On December 7, 2018, Ansa Assuncao LLP’s Maryland office team, working with their Texas colleagues, obtained dismissal of all causes of action against firm client Evergreen Tank Solutions, Inc. (“Evergreen”) in a suit brought by a Texas resident who sustained third-degree burns over 40% of his body (and other alleged injuries) while cleaning a tanker trailer for his employer. Plaintiff sued Evergreen, along with a host of other defendants, alleging product liability claims of design defect, manufacturing defect, and failure to warn. Plaintiff also claimed Evergreen was negligent and grossly negligent in its maintenance and inspection of the tanker, even though Evergreen’s only tangential involvement was as the tanker’s pre-incident lessor.
After removal to federal court, Evergreen filed multiple Federal Rule of Civil Procedure 12(b)(6) Motions to Dismiss in response to successive amended complaints filed and re-filed by Plaintiff. Over multiple motions, Evergreen argued that: (1) Plaintiff had, even with his amendments, failed to satisfy the federal pleading standard, relying instead on bare conclusory statements and legal allegations for all claims; (2) Plaintiff’s sparse allegations of fact against Evergreen stated no legally viable cause of action; and (3) even if they did, Plaintiff’s Complaint was barred by state and federal law: Chapter 82 of the Texas Civil Practice & Remedies Code (which, subject to proof of discrete facts not pled by Plaintiff, precludes liability for lessors not involved in manufacturing products) and the Graves Amendment, 49 U.S.C. § 30106 (which prohibits injury claims that arise from alleged use or operation of a vehicle against an owner who leases the vehicle to a third party absent sufficiently-alleged claims of wrongdoing by the owner).
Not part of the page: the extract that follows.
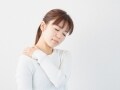治らない肩こりの原因は、食べ過ぎや冷え過ぎかも
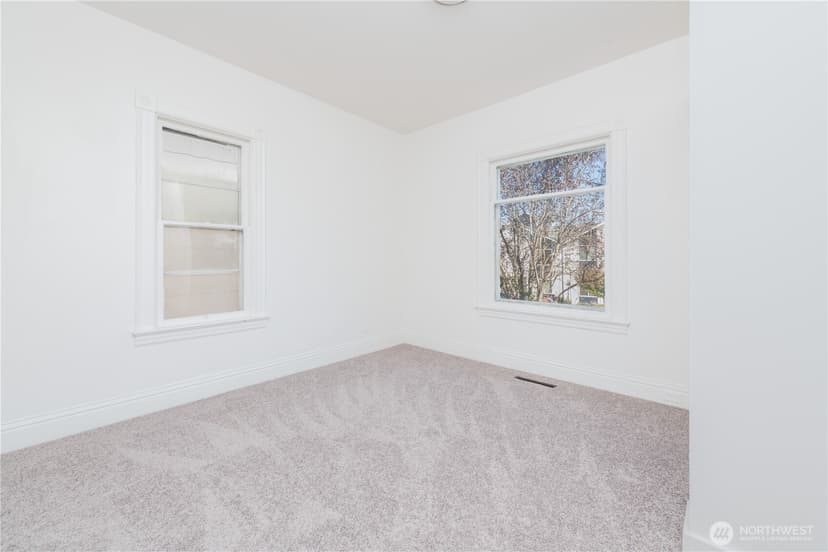 Property photo for 2312 S G Street, Tacoma photo 9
The United States District Court for the Southern District of Texas agreed, finding that Plaintiff failed to plead a prima facie case against Evergreen. The Court found that, while Evergreen owned and bailed the tanker, no facts were alleged that Evergreen operated, maintained, or controlled the tanker once it was leased. Likewise, no facts were alleged to show that Evergreen inspected, parked, or supervised the parking of the tanker on the day of Plaintiff’s incident. As a mere owner/lessor, Evergreen had no involvement in the tanker’s design or manufacture. The Court further found that, even if Plaintiff’s claims had been sufficiently pled, they were barred by state and federal law and Evergreen had no duty to warn Plaintiff because a product’s lessor does not owe a duty to third parties who use a leased product as a matter of law. The Court dismissed all claims against Evergreen with prejudice.
A copy of the Court’s Opinion can be found here. George v. SI Group, Inc., No. G-16-360, 2018 WL 6435740 (S.D. Tex. Dec. 7, 2018).